I’m sharing here my answer to a question I received, related to my editorial activity with Greyscale Press:
I’m working on an experimental publication myself with a group of people and i wondered if you could help me out:
How do you manage to workflow for such a publication all the way over from Github to amazon. I think it is an amazing process.
Could you say me how this works?
My process for publishing on amazon is the following:
- Get an account on your print-on-demand provider of choice (Lulu, Amazon Createspace).
- Create publication, upload PDF for interior and cover files (in the case of the Manifestos, the interior is generated with Pandoc, the cover is made with Scribus).
- Wait until the files are approved.
- Validate the result – a few hours later, books are available to be ordered and printed.
Whenever I make an update, I do the following:
- Generate new PDF
- Generate new cover, since the spine width varies according to page count (I made myself a little tool for the calculation).
- In CreateSpace, replace the interior and cover files.
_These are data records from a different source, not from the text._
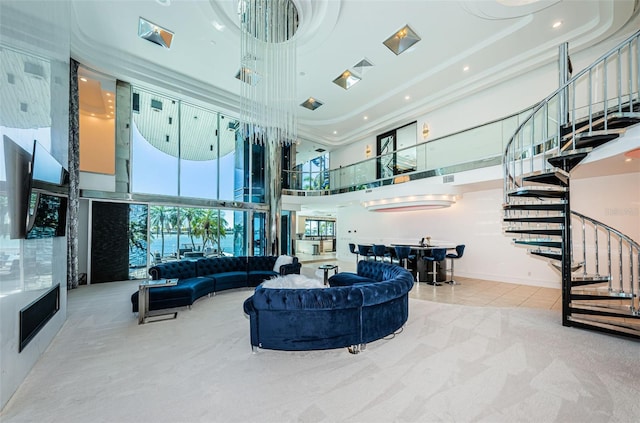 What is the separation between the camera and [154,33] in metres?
5.89

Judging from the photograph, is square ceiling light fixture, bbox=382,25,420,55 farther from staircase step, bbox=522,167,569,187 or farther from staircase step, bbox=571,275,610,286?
staircase step, bbox=571,275,610,286

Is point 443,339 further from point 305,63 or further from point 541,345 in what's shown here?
point 305,63

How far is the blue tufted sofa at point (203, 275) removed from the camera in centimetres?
457

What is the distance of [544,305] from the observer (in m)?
5.07

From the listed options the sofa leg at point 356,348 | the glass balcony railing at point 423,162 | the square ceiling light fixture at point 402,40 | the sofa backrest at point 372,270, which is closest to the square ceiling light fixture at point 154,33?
the square ceiling light fixture at point 402,40

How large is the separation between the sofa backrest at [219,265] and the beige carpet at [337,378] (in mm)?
2198

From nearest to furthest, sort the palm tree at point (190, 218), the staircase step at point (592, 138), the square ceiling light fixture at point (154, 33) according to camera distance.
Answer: the staircase step at point (592, 138), the square ceiling light fixture at point (154, 33), the palm tree at point (190, 218)

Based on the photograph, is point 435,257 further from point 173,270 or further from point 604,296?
point 173,270

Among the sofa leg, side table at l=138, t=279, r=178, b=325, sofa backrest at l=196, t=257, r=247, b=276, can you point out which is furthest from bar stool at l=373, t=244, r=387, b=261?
side table at l=138, t=279, r=178, b=325

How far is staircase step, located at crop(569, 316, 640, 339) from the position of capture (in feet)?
11.3

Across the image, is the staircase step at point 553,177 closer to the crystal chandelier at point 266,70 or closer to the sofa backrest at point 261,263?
the crystal chandelier at point 266,70

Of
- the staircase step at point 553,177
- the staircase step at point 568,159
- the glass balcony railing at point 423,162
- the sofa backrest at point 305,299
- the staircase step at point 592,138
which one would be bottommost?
the sofa backrest at point 305,299

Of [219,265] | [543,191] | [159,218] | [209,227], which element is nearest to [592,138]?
[543,191]

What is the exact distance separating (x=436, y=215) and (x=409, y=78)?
4734 mm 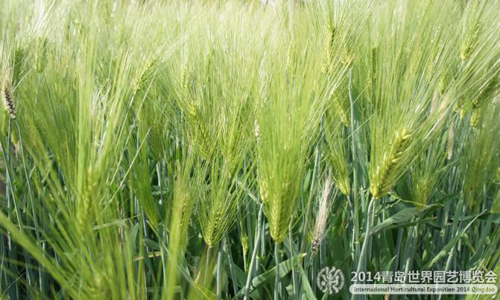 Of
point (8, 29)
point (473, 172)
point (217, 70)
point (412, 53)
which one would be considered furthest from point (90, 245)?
point (473, 172)

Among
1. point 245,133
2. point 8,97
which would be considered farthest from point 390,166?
point 8,97

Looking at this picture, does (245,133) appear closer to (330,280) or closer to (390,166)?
(390,166)

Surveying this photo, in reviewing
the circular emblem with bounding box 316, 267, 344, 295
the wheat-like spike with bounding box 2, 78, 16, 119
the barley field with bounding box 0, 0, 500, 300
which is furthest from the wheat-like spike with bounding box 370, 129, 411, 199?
the wheat-like spike with bounding box 2, 78, 16, 119

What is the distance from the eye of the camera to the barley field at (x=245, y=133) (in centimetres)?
62

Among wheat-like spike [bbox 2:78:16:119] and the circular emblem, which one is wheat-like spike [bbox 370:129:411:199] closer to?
the circular emblem

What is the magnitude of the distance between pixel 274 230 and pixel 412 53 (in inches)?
17.3

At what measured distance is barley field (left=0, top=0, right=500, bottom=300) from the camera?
2.02 feet

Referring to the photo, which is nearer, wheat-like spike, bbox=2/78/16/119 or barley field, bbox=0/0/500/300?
barley field, bbox=0/0/500/300

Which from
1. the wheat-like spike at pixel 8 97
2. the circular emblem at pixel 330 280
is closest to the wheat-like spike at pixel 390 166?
the circular emblem at pixel 330 280

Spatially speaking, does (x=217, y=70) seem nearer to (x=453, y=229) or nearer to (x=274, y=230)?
(x=274, y=230)

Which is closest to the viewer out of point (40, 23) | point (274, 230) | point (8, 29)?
point (274, 230)

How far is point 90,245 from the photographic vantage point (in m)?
0.47

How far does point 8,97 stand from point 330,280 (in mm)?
700

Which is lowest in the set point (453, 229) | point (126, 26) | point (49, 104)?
point (453, 229) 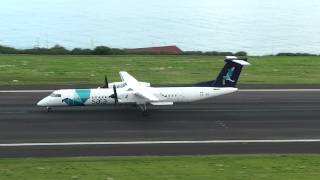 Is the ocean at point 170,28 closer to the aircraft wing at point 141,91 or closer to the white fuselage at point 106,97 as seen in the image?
the aircraft wing at point 141,91

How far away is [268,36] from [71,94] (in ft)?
324

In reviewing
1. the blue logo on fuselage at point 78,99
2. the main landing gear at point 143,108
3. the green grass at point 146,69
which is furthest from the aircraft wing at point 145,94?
the green grass at point 146,69

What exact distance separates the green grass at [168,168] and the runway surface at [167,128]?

- Wait again for approval (during that time, the book will be unavailable for ordering).
A decision to make when publishing revisions, is if you want (A) to replace the previous version (as explained above), or (B) create a new publication – that’s what I did with revision 0.8 of the Manifestos, as there were big changes, and I wanted the previous version to co-exist.
As you see, it’s a simple manual process.
If you want to setup an entirely automated workflow between Github and your print-on-demand provider, the thing Michael Mandiberg did it with Print Wikipedia would be the way to go. His solution is to publish the volumes on Lulu with a browser automation tool (check out PhantomJS for more info).